*Exercise details*. When you have gone through the records below, state only how many lines include the word "with".

*Excerpted records*.
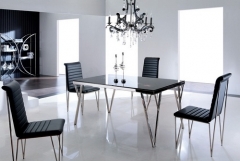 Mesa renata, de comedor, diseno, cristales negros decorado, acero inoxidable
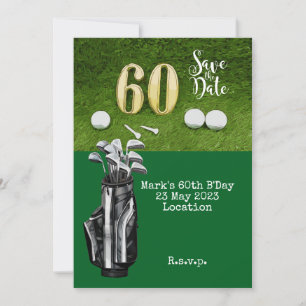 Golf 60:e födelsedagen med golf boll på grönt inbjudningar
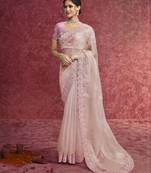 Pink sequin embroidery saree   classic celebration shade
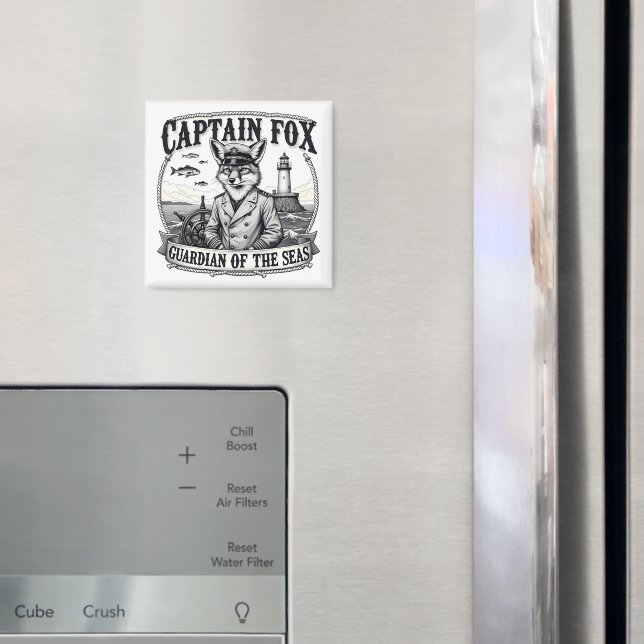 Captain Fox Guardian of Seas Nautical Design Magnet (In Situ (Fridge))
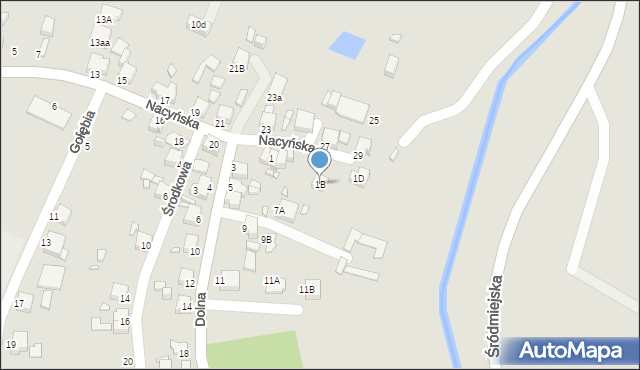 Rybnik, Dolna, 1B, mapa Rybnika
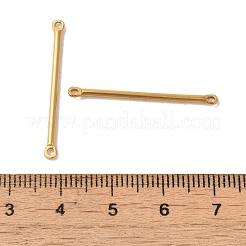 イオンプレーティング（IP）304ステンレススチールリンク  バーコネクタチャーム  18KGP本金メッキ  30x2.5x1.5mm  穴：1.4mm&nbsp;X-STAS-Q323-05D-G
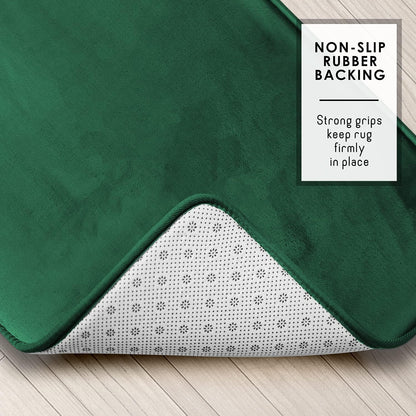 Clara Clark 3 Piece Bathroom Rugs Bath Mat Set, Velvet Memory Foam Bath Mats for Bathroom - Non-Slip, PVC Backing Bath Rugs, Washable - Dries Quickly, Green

==

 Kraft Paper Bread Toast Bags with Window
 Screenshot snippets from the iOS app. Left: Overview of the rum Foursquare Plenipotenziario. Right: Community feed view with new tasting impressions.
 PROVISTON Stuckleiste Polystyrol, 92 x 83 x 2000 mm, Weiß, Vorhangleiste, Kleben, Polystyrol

---

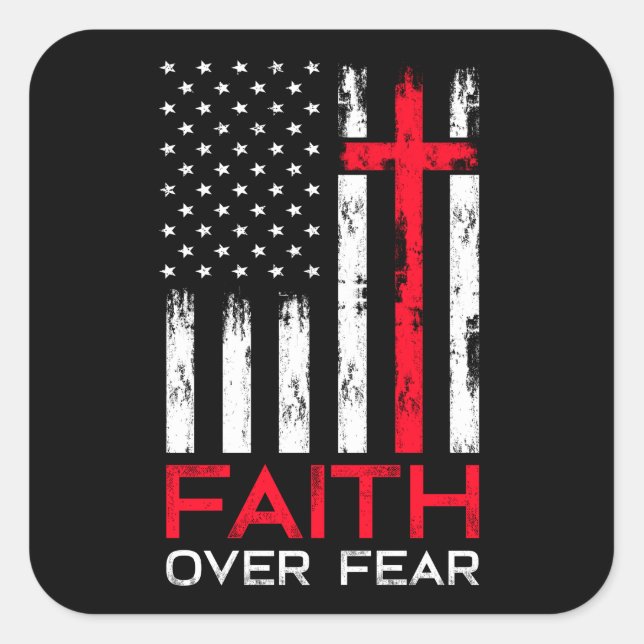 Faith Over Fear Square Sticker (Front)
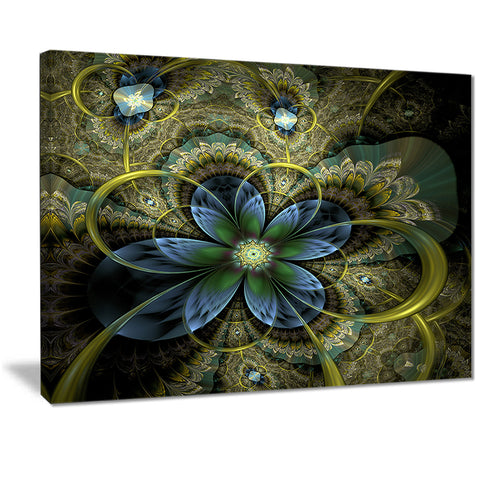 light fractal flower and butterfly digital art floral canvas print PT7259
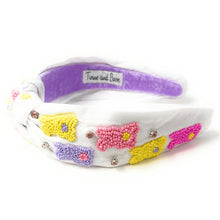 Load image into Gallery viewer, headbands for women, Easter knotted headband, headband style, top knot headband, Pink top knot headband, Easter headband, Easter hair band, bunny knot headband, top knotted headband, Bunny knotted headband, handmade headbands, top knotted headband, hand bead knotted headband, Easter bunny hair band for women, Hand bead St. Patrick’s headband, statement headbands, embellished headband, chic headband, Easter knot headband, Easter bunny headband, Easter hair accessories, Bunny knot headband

*Output of the task*. 2